8/22/2018Federal Reports Documents Nationwide Photo Enforcement Decline
Flawed state reports on photo enforcement document the decline in automated ticketing around the nation.
Most states resisted the new federal effort to increase transparency by releasing accident and revenue data related to the use of red light cameras and speed cameras (view story). Instead of producing "adequate data" as the law requires, states handed in surveys containing little information.

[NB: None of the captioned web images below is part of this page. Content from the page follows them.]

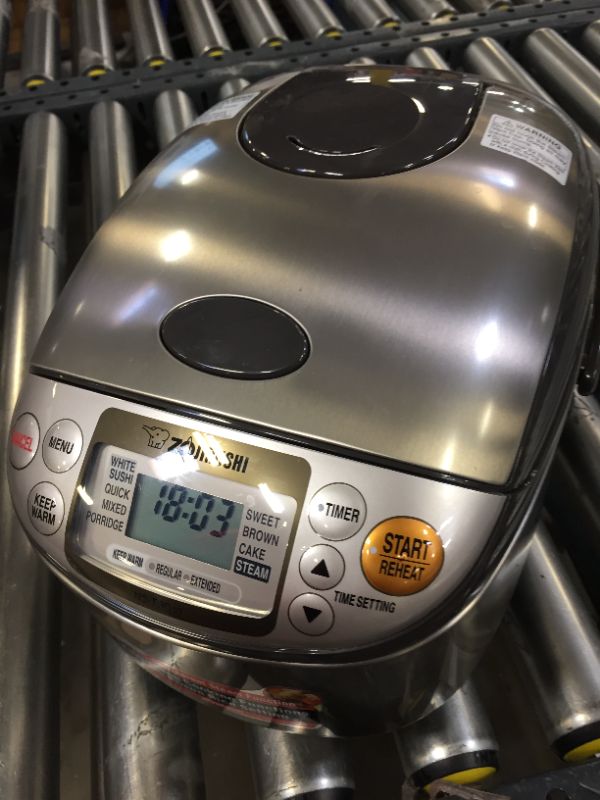 Photo 2 of Zojirushi NSTSC10 Pressure Induction Heating Rice Cooker & Warmer 5.5 Cup ...

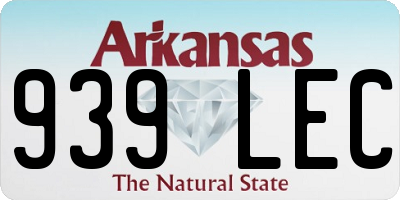 AR license plate 939LEC
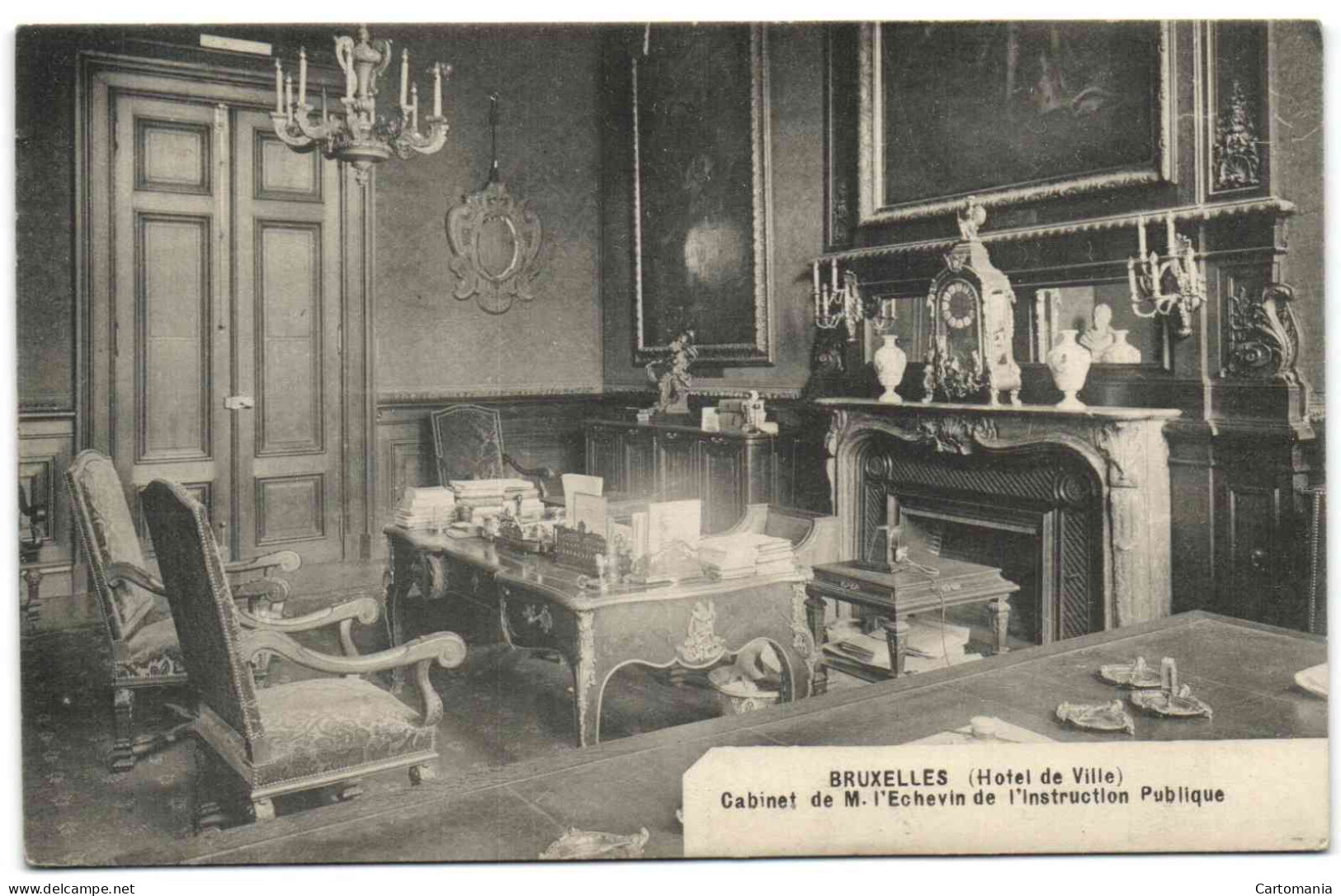 Bruxelles (Hôtel De Ville) - Cabinet De M. L'Echevin De L'instrucion Publique - Brussel (Stad)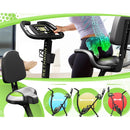 3 in 1 Folding Exercise Bike SoftFoam Seat with Adjustable Backrest, Carbon Steel Frame, Max Load 140kg, Home Use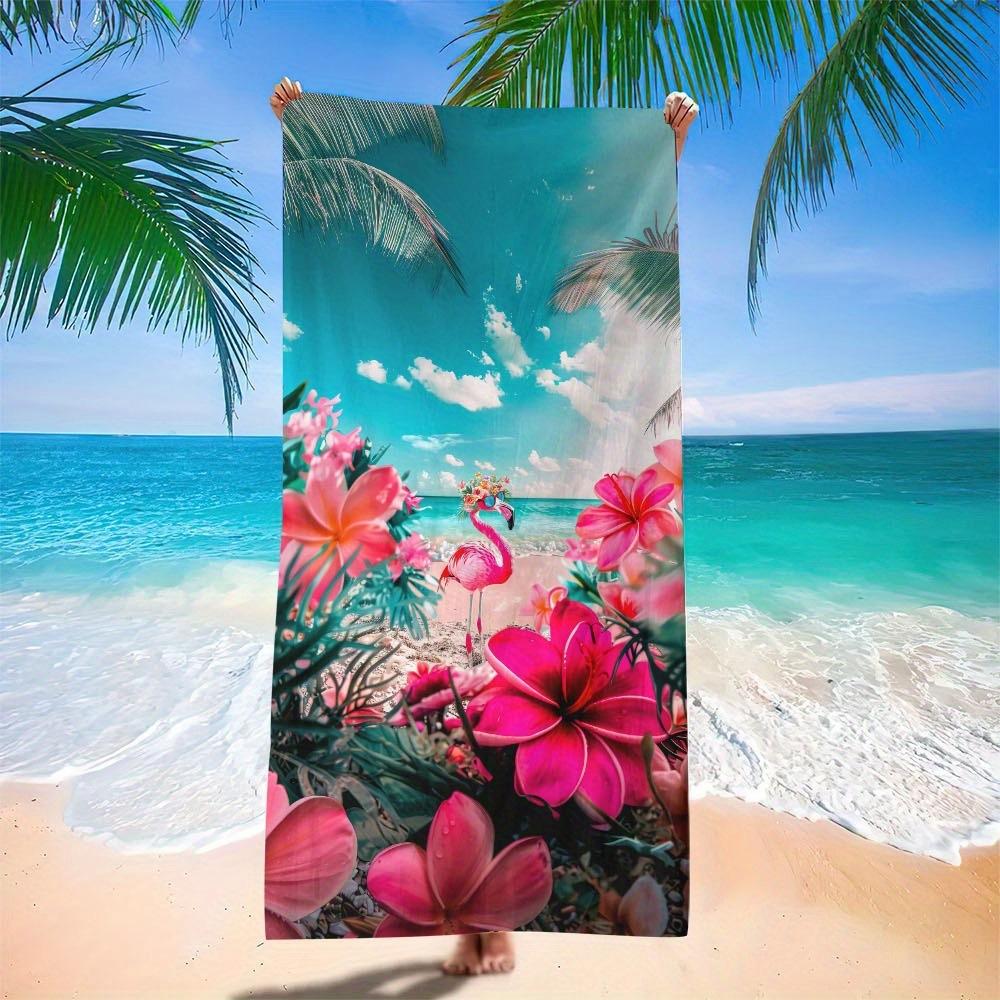 Peacock Feather Leopard Print Beach Towel Abstract Animal Skin Design Quick Dry Towel 50x100cm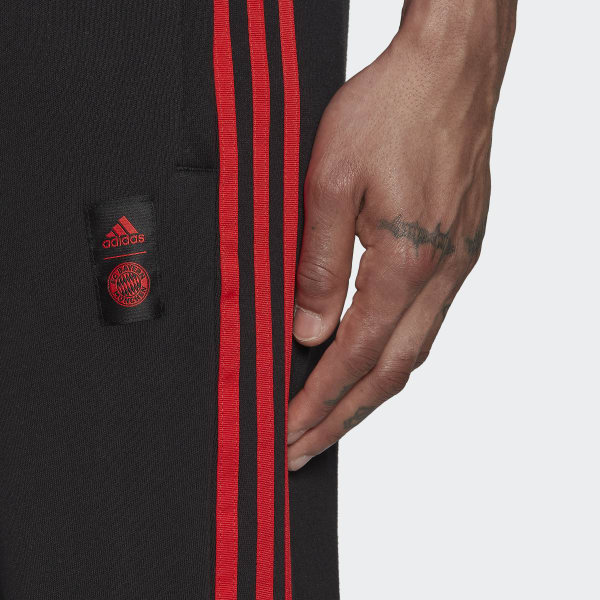 Noir Pantalon en coton épais FC Bayern DNA Lifestyler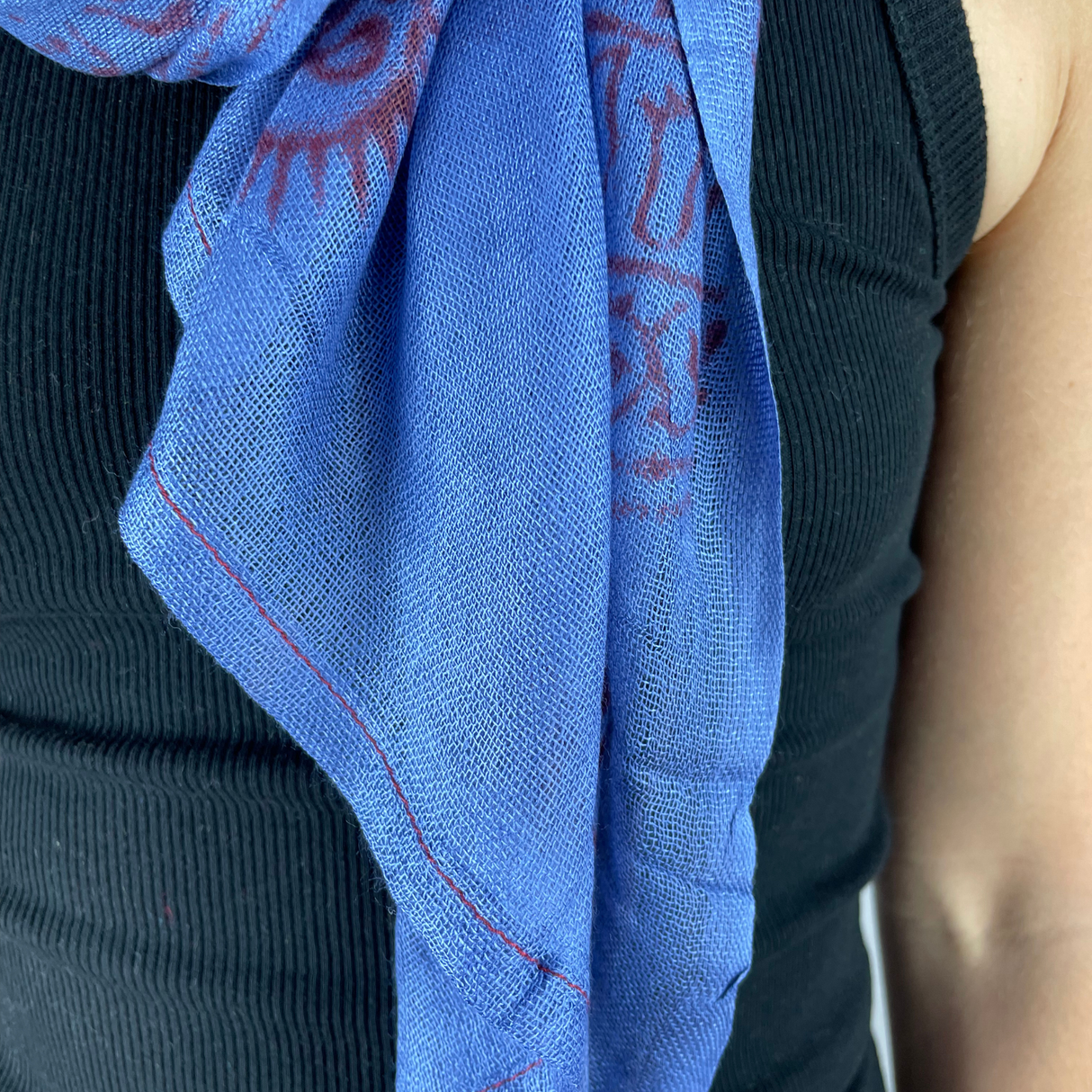 Ram Nami Tibetischer Glücksschal Blau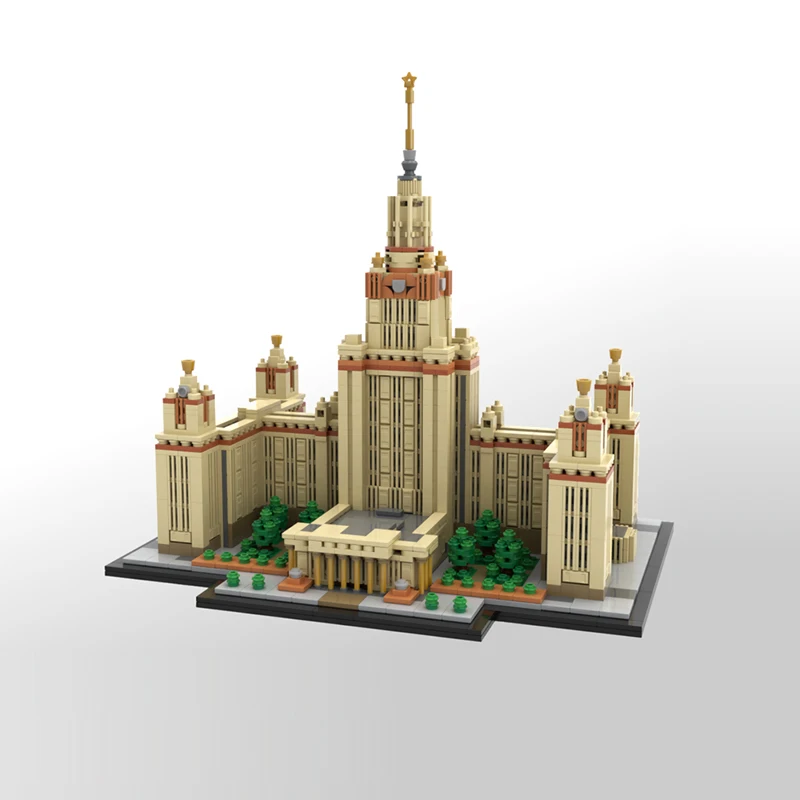 都市の街並みモデル MOC 組み立てブロック 大学の建物 モジュール式テクノロジー 子供向けホリデーギフト 組み立ておもちゃセット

Despite its limitations, the effort highlighted significant inaccuracies in existing automated enforcement program data. According to the state-submitted reports, 294 cities use red light cameras or speed cameras -- a number closer to 334 after adding in the cities withheld from the reports submitted by California and Ohio transportation officials. This is a far lower figure than the commonly cited Insurance Institute for Highway Safety (IIHS) count of 423 jurisdictions using cameras. Illinois highlighted the shortcomings of the insurance industry's data.
"Out of the 69 IIHS communities with red light cameras, only 59 jurisdictions reported to Illinois DOT indicating that they had red light cameras in their communities," the Illinois report explained. "A total of ten of the 69 IIHS communities reported that they had no red light cameras. Further, our sample includes eight additional jurisdictions, not identified in the IIHS database, with red light cameras in their communities."
The insurance industry has a financial interest in overstating the acceptance of photo enforcement. In California and Arizona, every photo ticket issued can be used to increase insurance premiums, generating millions in extra revenue for the parent companies of IIHS.
In Oklahoma, however, the IIHS failed to notice a small city -- Enid -- has been using photo radar. Oklahoma paid University of Oklahoma researchers to conduct a telephone poll of 473 cities within the state to discover which of them used speed cameras or red light cameras, even though such devices are not authorized under state law. Enid officials told the pollsters that information regarding the number of citations issued by the program is "publicly available," but there is no information available online about Enid's camera program.
Missouri and New Mexico likewise have only one city using automated ticketing machines. Missouri's report included copies of the state Supreme Court decisions that have left Hannibal as the lone outpost using red light cameras. New Mexico, by contrast, provided a sheet with handwritten checkbox responses from Rio Rancho on the state's final speed camera program. North Carolina also reported a significant decline in the use of cameras.
"While some municipalities abandoned their red light cameras due to public pressure, other cities in North Carolina discontinued their programs following a decision by the North Carolina Court of Appeals in 2005," the state reported. "This decision found that the North Carolina Constitution required that the revenue collected from these systems must be used exclusively to maintain public schools, except for a maximum of 10 percent of the fines collected that can be used for the cost accrued to operate the system. This decision meant some of the contracts municipalities had with the private companies, who operated the cameras for more than a 10 percent share of the collected fines, financially unreasonable and the programs were quickly shut down."